The active derivative structure depends on execution.

Dynamic sparsity requires:

- runtime dependency discovery,
- adaptive tangent structures,
- dynamic graph coloring.

This is harder than static sparsity analysis.

### Sparse matrix primitives

Linear algebra operations often preserve sparsity structure.

For:

$$
z = Ax,
$$

where $A$ is sparse,

$$
\dot{z} =
\dot{A}x + A\dot{x}.
$$

Sparse forward systems should preserve sparse matrix representations throughout tangent propagation.

Naively densifying tangents destroys performance.

### Sparse PDE example

Consider a one-dimensional finite difference stencil:

$$
f_i(x) =
x_{i-1} - 2x_i + x_{i+1}.
$$

Each output depends only on neighboring inputs.

The Jacobian is tridiagonal:

$$
J =
\begin{bmatrix}
* & * & 0 & 0 & \cdots \\
* & * & * & 0 & \cdots \\
0 & * & * & * & \cdots \\
\vdots & & & & \ddots
\end{bmatrix}.
$$

The column intersection graph has low degree. Coloring requires only a few colors independent of problem size.

Thus sparse forward mode computes derivatives with nearly constant tangent dimension even for huge systems.

This is one reason sparse forward AD is important in scientific computing.

### Sparse Hessians

Forward mode also helps compute sparse Hessians.

Common strategies include:

| Method | Idea |
|---|---|
| forward-over-reverse | directional Hessian products |
| sparse coloring | compressed second derivatives |
| hyper-dual sparsity | exact second-order channels |

Sparse Hessian methods are widely used in nonlinear optimization and PDE-constrained optimization.

### Tradeoffs

Sparse forward methods introduce overhead.

| Benefit | Cost |
|---|---|
| fewer tangent channels | sparse bookkeeping |
| reduced arithmetic | indirect memory access |
| lower memory usage | merge overhead |
| compressed Jacobians | graph coloring complexity |

Sparse methods help only when sparsity is sufficiently strong.
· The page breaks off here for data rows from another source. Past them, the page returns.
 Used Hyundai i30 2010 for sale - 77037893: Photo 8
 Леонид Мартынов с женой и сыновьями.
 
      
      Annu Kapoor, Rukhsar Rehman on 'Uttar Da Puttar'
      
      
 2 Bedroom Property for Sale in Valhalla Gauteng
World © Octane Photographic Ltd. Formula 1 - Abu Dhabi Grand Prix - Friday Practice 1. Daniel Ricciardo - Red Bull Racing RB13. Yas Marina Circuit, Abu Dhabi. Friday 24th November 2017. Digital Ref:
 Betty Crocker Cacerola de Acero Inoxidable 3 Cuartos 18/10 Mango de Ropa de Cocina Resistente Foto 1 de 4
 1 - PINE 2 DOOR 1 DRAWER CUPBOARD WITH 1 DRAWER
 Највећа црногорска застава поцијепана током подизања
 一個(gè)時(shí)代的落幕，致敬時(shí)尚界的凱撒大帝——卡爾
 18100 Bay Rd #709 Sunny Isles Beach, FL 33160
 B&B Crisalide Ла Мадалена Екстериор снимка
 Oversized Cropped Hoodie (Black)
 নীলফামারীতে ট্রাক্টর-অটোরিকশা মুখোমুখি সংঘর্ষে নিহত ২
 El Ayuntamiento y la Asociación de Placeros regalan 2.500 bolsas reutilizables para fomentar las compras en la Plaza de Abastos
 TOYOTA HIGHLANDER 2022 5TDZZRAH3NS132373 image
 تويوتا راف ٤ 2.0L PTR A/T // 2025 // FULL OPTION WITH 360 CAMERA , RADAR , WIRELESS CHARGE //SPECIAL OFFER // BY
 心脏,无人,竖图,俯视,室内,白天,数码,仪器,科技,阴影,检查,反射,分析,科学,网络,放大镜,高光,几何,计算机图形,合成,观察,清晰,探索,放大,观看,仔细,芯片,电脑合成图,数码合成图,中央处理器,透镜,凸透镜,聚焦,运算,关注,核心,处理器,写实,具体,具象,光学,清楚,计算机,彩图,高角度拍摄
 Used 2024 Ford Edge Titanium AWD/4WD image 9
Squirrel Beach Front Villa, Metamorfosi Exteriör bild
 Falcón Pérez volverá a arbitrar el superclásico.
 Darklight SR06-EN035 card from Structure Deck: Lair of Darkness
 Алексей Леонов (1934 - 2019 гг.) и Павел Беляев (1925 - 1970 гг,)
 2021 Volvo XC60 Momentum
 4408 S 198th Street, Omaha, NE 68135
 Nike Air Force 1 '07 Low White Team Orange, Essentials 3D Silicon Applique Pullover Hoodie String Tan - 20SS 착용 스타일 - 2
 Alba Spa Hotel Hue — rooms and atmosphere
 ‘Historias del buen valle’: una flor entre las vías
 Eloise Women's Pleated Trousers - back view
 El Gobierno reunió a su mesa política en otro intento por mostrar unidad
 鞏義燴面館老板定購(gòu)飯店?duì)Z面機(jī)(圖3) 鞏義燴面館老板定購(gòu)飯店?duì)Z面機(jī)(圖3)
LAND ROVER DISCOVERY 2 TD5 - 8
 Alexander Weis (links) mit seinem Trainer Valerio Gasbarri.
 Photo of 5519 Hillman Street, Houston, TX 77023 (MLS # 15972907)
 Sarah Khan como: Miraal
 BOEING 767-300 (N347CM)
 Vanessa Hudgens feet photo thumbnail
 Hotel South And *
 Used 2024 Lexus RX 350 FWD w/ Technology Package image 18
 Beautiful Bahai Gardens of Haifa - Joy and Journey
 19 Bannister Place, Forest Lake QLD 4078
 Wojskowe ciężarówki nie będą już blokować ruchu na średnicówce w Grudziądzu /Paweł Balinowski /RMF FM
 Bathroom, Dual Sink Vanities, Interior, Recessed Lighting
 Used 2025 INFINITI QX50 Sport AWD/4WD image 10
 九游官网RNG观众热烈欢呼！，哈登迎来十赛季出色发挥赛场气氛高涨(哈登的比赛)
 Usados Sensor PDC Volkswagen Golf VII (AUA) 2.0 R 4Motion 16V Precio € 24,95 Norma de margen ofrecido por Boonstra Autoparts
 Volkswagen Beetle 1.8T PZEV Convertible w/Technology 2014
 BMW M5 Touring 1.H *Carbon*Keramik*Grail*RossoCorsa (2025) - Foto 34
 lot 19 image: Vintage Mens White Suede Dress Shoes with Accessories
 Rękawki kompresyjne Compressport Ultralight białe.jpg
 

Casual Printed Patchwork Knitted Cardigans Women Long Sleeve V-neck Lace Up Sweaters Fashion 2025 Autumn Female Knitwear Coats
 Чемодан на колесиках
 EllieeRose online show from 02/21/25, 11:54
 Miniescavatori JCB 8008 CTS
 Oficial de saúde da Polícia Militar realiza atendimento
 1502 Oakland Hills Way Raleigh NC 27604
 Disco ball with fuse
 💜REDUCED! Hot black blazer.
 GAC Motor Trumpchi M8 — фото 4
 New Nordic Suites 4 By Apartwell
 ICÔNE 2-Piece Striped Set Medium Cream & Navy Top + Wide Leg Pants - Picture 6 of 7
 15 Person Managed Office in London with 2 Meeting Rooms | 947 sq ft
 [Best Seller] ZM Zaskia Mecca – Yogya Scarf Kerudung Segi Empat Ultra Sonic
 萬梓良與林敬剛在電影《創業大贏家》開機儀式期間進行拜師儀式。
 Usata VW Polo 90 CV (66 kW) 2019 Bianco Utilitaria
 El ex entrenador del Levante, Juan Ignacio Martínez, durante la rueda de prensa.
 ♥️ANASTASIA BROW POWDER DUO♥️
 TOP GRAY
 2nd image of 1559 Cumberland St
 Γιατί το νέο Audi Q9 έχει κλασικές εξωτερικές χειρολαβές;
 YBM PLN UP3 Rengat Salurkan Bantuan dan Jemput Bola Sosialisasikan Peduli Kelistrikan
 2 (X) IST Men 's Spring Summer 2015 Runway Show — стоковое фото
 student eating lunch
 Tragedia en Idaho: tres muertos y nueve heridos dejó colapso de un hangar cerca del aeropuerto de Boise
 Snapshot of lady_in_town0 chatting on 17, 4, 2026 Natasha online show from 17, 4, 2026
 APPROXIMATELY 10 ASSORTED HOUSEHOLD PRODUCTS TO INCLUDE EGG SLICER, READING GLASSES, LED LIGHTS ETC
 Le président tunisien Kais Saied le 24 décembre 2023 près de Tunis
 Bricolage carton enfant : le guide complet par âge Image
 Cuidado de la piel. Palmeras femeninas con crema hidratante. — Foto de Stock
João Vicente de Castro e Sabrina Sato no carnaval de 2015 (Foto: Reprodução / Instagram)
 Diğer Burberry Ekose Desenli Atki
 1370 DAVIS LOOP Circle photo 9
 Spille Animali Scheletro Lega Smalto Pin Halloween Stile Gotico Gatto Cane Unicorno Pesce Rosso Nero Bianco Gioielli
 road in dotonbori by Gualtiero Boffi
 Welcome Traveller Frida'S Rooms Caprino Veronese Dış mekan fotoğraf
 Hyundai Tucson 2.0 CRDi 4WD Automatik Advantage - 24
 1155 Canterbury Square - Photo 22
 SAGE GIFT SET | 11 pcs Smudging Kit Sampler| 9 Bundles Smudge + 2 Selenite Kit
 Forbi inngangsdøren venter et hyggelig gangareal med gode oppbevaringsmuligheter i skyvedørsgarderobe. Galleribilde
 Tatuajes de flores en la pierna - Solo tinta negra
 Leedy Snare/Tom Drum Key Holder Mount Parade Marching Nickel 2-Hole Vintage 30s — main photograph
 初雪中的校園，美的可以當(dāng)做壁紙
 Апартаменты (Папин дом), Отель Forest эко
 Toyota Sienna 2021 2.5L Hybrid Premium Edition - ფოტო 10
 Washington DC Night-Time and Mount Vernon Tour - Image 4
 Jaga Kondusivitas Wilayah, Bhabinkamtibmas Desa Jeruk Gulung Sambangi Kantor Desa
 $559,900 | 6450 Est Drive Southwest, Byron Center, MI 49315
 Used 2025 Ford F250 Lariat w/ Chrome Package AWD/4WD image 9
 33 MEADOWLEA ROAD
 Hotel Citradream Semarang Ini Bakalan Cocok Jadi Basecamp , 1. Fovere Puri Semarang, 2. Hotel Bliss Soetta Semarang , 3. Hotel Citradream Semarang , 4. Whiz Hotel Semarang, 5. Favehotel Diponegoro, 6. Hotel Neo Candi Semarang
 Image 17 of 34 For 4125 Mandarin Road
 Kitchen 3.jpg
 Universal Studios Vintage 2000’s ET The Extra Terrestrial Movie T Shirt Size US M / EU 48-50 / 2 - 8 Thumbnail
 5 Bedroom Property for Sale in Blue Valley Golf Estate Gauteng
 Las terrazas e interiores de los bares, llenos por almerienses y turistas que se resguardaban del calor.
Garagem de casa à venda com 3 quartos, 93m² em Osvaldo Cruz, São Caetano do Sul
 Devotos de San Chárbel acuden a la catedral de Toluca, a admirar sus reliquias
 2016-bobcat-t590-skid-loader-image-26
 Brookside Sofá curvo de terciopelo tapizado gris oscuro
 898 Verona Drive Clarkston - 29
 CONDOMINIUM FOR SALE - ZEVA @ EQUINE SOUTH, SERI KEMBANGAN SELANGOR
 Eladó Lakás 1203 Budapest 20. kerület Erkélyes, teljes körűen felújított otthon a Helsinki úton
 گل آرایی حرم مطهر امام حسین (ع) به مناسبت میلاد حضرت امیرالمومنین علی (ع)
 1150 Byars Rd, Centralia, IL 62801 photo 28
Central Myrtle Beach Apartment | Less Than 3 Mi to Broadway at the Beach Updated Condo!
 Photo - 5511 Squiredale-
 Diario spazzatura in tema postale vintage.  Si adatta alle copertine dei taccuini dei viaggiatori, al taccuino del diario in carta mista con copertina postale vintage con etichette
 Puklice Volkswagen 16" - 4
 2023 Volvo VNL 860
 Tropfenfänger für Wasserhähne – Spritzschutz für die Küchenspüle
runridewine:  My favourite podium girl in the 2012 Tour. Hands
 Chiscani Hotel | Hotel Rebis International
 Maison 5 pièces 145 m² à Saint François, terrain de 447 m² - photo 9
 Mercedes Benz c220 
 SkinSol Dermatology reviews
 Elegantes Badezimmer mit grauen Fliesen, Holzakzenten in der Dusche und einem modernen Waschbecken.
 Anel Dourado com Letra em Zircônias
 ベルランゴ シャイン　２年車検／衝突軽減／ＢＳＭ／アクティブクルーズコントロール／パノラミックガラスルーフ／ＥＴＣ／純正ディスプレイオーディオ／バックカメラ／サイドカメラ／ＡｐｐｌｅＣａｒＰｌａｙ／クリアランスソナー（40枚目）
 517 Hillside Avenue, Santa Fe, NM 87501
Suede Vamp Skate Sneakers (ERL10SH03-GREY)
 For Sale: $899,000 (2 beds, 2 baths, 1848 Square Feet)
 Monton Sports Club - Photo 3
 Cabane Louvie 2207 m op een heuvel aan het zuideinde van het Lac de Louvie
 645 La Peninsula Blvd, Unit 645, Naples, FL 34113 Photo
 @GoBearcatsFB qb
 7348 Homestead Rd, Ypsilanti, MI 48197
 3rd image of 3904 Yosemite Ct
If tangent vectors become dense during propagation, sparse representations may become slower than dense arrays.

### Fill-in

A major challenge is fill-in.

Even if inputs are sparse, operations may densify tangents.

Example:

$$
z = x + y,
$$

where:

$$
\dot{x} =
\{1,2,3\},
\qquad
\dot{y} =
\{4,5,6\}.
$$

Then:

$$
\dot{z} =
\{1,2,3,4,5,6\}.
$$

Repeated merges can gradually destroy sparsity.

Good sparse forward systems minimize fill-in through:

- graph ordering,
- block decomposition,
- local elimination strategies,
- compressed seed scheduling.

### Hybrid sparse-dense methods

Practical systems often combine sparse and dense tangent representations.

Examples:

| Regime | Representation |
|---|---|
| few active entries | sparse |
| moderate density | packed blocks |
| high density | dense arrays |

Adaptive switching avoids pathological overhead.

### Compiler support

Sparse forward mode benefits from compiler analysis.

Compilers can infer:

- dependency graphs,
- sparsity structure,
- block patterns,
- independent variable groups.

This enables automatic seed compression and optimized tangent layouts.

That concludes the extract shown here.